INSTRUCTIONS FOR THE TASK: Locate the word "into" in the entries below, then gather every line that holds it.

Collected data entries:
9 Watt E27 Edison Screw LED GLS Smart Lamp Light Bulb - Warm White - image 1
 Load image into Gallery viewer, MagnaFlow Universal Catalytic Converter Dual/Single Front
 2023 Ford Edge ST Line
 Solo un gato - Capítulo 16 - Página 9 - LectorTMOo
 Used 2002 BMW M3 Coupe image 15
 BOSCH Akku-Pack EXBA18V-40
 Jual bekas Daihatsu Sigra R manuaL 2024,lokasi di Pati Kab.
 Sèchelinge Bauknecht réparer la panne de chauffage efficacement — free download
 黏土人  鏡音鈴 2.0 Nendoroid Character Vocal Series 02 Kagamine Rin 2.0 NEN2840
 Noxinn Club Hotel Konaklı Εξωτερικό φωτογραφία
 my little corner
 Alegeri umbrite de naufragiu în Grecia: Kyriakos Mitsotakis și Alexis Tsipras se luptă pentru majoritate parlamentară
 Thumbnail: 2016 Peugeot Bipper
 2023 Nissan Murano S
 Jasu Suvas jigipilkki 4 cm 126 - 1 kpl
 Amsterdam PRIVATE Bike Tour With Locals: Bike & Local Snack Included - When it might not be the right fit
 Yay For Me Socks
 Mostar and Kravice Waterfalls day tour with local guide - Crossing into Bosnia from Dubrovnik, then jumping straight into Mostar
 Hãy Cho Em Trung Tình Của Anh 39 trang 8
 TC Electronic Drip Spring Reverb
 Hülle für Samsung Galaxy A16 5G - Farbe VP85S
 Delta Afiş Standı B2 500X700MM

REPLY TO THE TASK:
 Load image into Gallery viewer, MagnaFlow Universal Catalytic Converter Dual/Single Front
 Mostar and Kravice Waterfalls day tour with local guide - Crossing into Bosnia from Dubrovnik, then jumping straight into Mostar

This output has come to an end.